- Instructions to follow
Where the listing below reaches the line containing "尽管TP钱包的提现过程相对简", start writing out lines exactly, and stop once the line containing "问题4：TP钱包提现的收费标准是什么？" has been written.

- Data shown
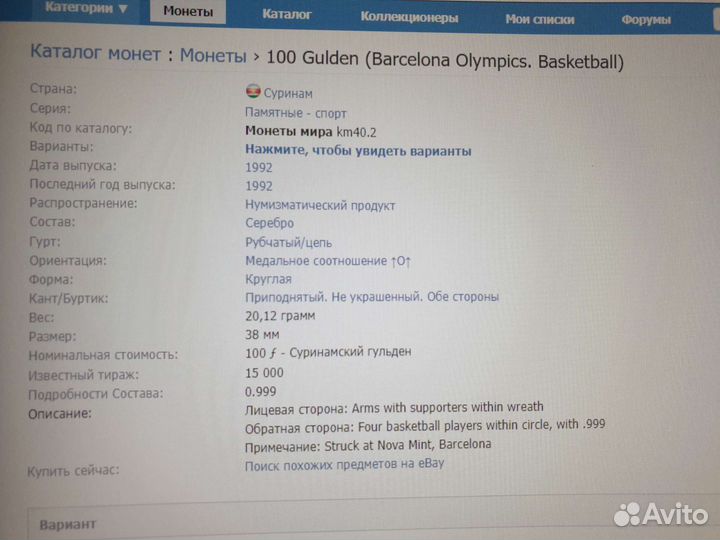 Монета юбилейная серебряная Суринам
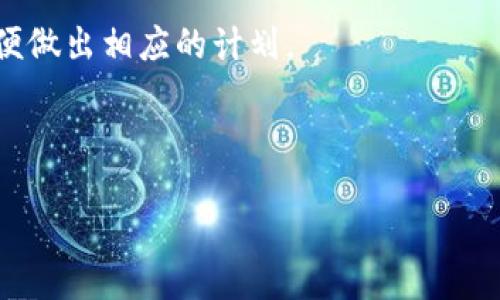 且的

  如何从TP钱包中提现资金：全方位指南 / 

 guanjianci TP钱包, 钱包提现, 数字货币, 钱包使用技巧 /guanjianci 

介绍TP钱包及其功能

TP钱包是一款广受欢迎的数字货币钱包，支持多种数字资产的存储和管理。这款钱包的用户界面友好，操作简便，允许用户方便地进行数字货币的交易、转账和提现。随着数字货币市场的日益增长，TP钱包以其安全性和便捷性赢得了众多投资者的青睐。在实际使用过程中，许多用户可能会遇到如何将TP钱包中的资金提现到银行账户或其他平台的问题。因此，了解TP钱包的提现流程对于用户来说至关重要。


TP钱包提现的具体步骤

提现TP钱包中的资金涉及几个明确的步骤。首先，用户需要打开TP钱包应用并确认自己已成功登录。接下来，用户可以导航到账户页面，查看余额信息。提现的第一步是选择“提现”或“转出”选项。不同版本的TP钱包界面可能会有所不同，所以用户需要根据自己的版本找到相应的选项。


进入提现页面后，用户需要输入提现的金额和目标账户的相关信息。此时需要注意的是，不同的提现方式可能会收取不同的手续费，因此用户最好提前了解相关的费用信息。另外，一些钱包在处理提现请求时，可能会有一些限制，比如最低提现金额或每日提现次数的限制。


在输入所有必要信息后，用户需要仔细检查，以确保无误。最后，用户点击“确认提现”按钮，TP钱包将处理提现请求。在这一阶段，用户需要耐心等待，因为提现所需的时间会因不同的提现方式以及平台的处理速度而有所不同。


TP钱包提现的常见问题解答

尽管TP钱包的提现过程相对简单，但许多用户可能在其中会遇到各种问题。以下是一些常见的问题，以及详细的解答。


问题1：TP钱包提现失败的原因是什么？

用户在尝试提现时可能会遇到提现失败的情况。这种情况可能由多种原因造成，包括账户余额不足、输入信息错误、提现金额超出限额等。在提现前，需要确保账户中有足够的余额以覆盖提现金额及可能的手续费。此外，输入信息时必须确保所有内容均是准确的，包括目标账户的地址和提取金额。如果输入错误，系统会拒绝处理该请求。

另外，TP钱包可能在特定情况下限制用户进行提现，比如账户需要验证、用户未满足某些条件等。在这种情况下，用户通常会收到系统的提示信息，说明失败的具体原因。有时，提现请求可能被设置为审核状态，用户需要耐心等待审核通过后再尝试提现。因此，了解这些常见问题，可以帮助用户更顺畅地完成提现操作。

问题2：提现需要多长时间到账？

提现到账时间主要取决于提现方式以及TP钱包与目标账户之间的处理速度。一般而言，基于区块链技术的数字货币提现，通常需要经过若干个区块的确认，时间可能从几分钟到几个小时不等。转出到银行账户可能会相对更慢，有时最快也需要1-3个工作日。这与银行的处理流程、工作时段以及节假日等因素都有关系。

如果用户在提现后发现很久没有到账，建议检查提现记录，看是否在处理中。如果出现问题，最好尽早联系TP钱包的客服，以获取及时的帮助和解决方案。

问题3：TP钱包是否支持多种提现方式？

TP钱包作为一款多功能的数字货币钱包，通常提供多种提现方式以满足不同用户的需求。用户可以选择提取至数字货币交易所、提现至个人银行账户，甚至某些平台还支持提现至其他电子支付工具，比如支付宝或微信支付等。

对于不同的提现方式，用户要注意各自的手续费、到账时间以及提现流程的细节。例如，从TP钱包提现至交易所，可能需要输入交易所提供的独特钱包地址，而提现至银行账户则需要提供账户信息。这些提现方式各有优势和劣势，用户可以根据自身情况选择最合适的途径进行资金提取。

问题4：TP钱包提现的收费标准是什么？

关于提现的收费标准，TP钱包通常会在应用内或官方网站上详细说明。一般涉及到的费用有两部分：一是基础的网络手续费，这是基于区块链交易所需的矿工费用，属于必须支付的部分；二是TP钱包本身可能会根据不同的提现方式收取手续费用。用户在进行提现时最好提前了解这些费用，以避免资金的损失。

此外，用户还需注意，不同数字货币可能有不同的提现费用标准，所需手续费会因网络拥堵或其他因素而波动。有必要时，用户也可以到其他论坛或社群中，询问其他用户对于手续费变更情况的看法和分享，以掌握更准确的信息。

问题5：如何确保TP钱包的安全性？

安全性是所有数字货币用户都应高度重视的问题，TP钱包也不例外。为确保TP钱包及其资金的安全，用户可以采取多个防护措施。首先，建议启用二步验证（2FA）和强密码。在登录时，除了输入密码外还需输入动态验证码，可以大大提高账户的安全性。其次，用户应定期更新密码，并避免在公共设备上登录TP钱包。

此外，用户最好时常监控自己的账户交易记录，以保证任何可疑的活动都能及时发现。对于涉及大额提现的操作，一个额外的安全步骤就是提前通知客服，观察提现处理是否顺利。如果用户发现有异常，请及时联系TP钱包的客服，进行反馈和举报，以便及时阻止潜在的损失。

问题6：我可以随时提现TP钱包中的资金吗？

TP钱包的提现政策可能会受到某些限制，包括但不限于每日提现额度、末限时段等。不同版本的TP钱包对于提现的具体规定可能略有不同，因此用户在进行提现前，最好仔细阅读相关条款以免造成不必要的麻烦。对于账户处于新用户状态的情况，可能会被设置更严格的提现限制。

另外，在网络极度拥堵的情况下，可能会导致提现处理顺延，因此建议用户尽量在非高峰期进行提现操作，以提高成功率。如果用户有紧急的资金需求，建议提前了解TP钱包的提现政策，以便做出相应的计划。

整体内容总数：3700个字

以上是关于TP钱包提现的全方位内容，包括、关键词、各个部分的介绍以及六个相关问题的详细解答。这些内容对于用户熟悉TP钱包的操作、了解提现相关问题提供了非常有益的指导。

- Answer area
尽管TP钱包的提现过程相对简单，但许多用户可能在其中会遇到各种问题。以下是一些常见的问题，以及详细的解答。


问题1：TP钱包提现失败的原因是什么？

用户在尝试提现时可能会遇到提现失败的情况。这种情况可能由多种原因造成，包括账户余额不足、输入信息错误、提现金额超出限额等。在提现前，需要确保账户中有足够的余额以覆盖提现金额及可能的手续费。此外，输入信息时必须确保所有内容均是准确的，包括目标账户的地址和提取金额。如果输入错误，系统会拒绝处理该请求。

另外，TP钱包可能在特定情况下限制用户进行提现，比如账户需要验证、用户未满足某些条件等。在这种情况下，用户通常会收到系统的提示信息，说明失败的具体原因。有时，提现请求可能被设置为审核状态，用户需要耐心等待审核通过后再尝试提现。因此，了解这些常见问题，可以帮助用户更顺畅地完成提现操作。

问题2：提现需要多长时间到账？

提现到账时间主要取决于提现方式以及TP钱包与目标账户之间的处理速度。一般而言，基于区块链技术的数字货币提现，通常需要经过若干个区块的确认，时间可能从几分钟到几个小时不等。转出到银行账户可能会相对更慢，有时最快也需要1-3个工作日。这与银行的处理流程、工作时段以及节假日等因素都有关系。

如果用户在提现后发现很久没有到账，建议检查提现记录，看是否在处理中。如果出现问题，最好尽早联系TP钱包的客服，以获取及时的帮助和解决方案。

问题3：TP钱包是否支持多种提现方式？

TP钱包作为一款多功能的数字货币钱包，通常提供多种提现方式以满足不同用户的需求。用户可以选择提取至数字货币交易所、提现至个人银行账户，甚至某些平台还支持提现至其他电子支付工具，比如支付宝或微信支付等。

对于不同的提现方式，用户要注意各自的手续费、到账时间以及提现流程的细节。例如，从TP钱包提现至交易所，可能需要输入交易所提供的独特钱包地址，而提现至银行账户则需要提供账户信息。这些提现方式各有优势和劣势，用户可以根据自身情况选择最合适的途径进行资金提取。

问题4：TP钱包提现的收费标准是什么？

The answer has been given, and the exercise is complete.